We study the problem of efficient semantic segmentation of large-scale 3D point clouds. By relying on expensive sampling techniques or computationally heavy pre/post-processing steps, most existing approaches are only able to be trained and operate over small-scale point clouds. In this paper, we introduce RandLA-Net, an efficient and lightweight neural architecture to directly infer per-point semantics for large-scale point clouds. The key to our approach is to use random point sampling instead of more complex point selection approaches. Although remarkably computation and memory efficient, random sampling can discard key features by chance.
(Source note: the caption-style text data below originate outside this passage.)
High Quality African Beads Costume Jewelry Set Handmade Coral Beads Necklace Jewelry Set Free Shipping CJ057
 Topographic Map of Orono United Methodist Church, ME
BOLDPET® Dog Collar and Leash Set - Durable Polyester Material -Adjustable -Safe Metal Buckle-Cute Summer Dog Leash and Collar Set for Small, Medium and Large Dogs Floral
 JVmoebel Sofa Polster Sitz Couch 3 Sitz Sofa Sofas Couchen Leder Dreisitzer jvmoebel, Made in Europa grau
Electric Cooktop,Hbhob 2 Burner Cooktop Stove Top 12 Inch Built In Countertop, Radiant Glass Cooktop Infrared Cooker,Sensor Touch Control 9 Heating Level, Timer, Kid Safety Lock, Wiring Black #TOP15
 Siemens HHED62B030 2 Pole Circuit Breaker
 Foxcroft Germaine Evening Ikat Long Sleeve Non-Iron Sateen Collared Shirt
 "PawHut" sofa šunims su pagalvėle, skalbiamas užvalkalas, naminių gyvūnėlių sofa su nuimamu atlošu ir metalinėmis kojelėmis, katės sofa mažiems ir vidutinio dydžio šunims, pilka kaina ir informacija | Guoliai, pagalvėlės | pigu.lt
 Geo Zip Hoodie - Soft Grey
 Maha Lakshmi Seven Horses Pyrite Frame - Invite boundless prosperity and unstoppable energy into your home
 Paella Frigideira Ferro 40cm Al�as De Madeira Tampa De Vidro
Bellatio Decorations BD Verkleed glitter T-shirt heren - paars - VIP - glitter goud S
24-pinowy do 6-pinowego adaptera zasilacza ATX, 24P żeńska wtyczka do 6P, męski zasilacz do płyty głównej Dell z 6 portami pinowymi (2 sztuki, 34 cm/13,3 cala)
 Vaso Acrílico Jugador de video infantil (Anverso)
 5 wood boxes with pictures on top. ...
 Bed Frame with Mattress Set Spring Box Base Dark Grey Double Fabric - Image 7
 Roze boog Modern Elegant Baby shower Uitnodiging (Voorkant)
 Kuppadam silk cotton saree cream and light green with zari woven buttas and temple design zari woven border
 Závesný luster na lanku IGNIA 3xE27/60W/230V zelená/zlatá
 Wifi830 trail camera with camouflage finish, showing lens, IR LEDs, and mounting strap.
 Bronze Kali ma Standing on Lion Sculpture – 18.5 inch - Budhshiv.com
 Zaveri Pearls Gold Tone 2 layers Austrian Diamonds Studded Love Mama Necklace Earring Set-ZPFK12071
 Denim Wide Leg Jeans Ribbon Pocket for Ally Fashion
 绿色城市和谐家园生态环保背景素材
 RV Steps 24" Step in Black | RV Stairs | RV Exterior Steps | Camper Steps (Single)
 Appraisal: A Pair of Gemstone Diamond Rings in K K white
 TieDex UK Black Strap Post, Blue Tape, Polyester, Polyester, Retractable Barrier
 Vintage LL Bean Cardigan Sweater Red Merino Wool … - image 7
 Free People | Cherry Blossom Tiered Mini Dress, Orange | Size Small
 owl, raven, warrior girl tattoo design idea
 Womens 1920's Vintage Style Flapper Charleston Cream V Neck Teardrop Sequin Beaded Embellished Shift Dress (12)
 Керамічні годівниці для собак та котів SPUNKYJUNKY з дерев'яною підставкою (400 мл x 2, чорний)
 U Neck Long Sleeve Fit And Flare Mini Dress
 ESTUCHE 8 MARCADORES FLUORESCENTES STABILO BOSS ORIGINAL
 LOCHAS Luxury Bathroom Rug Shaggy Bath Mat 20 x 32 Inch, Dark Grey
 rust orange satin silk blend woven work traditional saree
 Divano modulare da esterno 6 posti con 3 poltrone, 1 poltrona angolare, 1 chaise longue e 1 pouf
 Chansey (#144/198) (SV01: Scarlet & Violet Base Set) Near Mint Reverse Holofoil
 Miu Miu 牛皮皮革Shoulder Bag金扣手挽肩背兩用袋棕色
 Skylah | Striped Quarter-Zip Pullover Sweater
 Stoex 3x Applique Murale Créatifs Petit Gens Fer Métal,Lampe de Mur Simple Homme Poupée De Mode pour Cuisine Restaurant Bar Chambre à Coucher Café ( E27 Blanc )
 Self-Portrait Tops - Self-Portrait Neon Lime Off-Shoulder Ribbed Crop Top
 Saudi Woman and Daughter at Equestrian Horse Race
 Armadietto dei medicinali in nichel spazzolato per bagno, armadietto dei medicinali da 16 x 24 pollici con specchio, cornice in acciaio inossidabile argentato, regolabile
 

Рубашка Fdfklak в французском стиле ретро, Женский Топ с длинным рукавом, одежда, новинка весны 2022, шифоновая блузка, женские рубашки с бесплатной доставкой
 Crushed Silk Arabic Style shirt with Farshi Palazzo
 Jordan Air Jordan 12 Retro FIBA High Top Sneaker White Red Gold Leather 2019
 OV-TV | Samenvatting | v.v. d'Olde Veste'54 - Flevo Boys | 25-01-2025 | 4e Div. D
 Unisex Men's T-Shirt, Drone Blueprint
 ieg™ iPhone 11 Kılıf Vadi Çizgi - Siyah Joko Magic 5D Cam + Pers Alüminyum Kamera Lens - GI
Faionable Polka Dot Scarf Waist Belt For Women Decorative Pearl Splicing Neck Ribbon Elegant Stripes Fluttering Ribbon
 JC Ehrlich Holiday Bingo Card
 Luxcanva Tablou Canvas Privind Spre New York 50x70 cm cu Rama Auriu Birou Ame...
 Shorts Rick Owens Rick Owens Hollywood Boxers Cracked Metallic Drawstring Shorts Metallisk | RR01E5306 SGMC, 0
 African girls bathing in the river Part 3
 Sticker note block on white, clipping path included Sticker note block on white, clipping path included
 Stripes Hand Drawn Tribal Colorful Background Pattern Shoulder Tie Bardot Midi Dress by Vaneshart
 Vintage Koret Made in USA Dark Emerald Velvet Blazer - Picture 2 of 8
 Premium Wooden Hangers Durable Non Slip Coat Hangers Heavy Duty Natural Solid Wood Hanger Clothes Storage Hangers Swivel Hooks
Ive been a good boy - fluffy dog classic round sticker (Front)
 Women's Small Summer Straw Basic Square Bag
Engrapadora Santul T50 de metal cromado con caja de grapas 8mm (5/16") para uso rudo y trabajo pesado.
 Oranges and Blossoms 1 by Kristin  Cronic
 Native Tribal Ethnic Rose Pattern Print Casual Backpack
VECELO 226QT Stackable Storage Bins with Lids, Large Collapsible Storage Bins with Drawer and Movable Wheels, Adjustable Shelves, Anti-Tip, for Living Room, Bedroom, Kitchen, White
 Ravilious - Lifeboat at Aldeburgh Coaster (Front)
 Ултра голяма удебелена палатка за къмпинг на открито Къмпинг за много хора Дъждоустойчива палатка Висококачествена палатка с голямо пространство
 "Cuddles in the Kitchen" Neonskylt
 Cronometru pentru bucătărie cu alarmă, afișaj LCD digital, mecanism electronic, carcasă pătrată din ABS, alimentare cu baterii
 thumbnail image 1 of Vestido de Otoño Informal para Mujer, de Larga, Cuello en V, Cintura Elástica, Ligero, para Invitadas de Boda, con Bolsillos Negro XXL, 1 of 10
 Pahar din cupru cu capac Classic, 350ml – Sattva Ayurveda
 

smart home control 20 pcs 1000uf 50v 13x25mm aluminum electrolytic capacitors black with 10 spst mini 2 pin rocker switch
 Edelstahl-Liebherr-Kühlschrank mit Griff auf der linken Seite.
To overcome this, we introduce a novel local feature aggregation module to progressively increase the receptive field for each 3D point, thereby effectively preserving geometric details. Comparative experiments show that our RandLA-Net can process 1 million points in a single pass up to 200x faster than existing approaches. Moreover, extensive experiments on five large-scale point cloud datasets, including Semantic3D, SemanticKITTI, Toronto3D, NPM3D and S3DIS, demonstrate the state-of-the-art semantic segmentation performance of our RandLA-Net.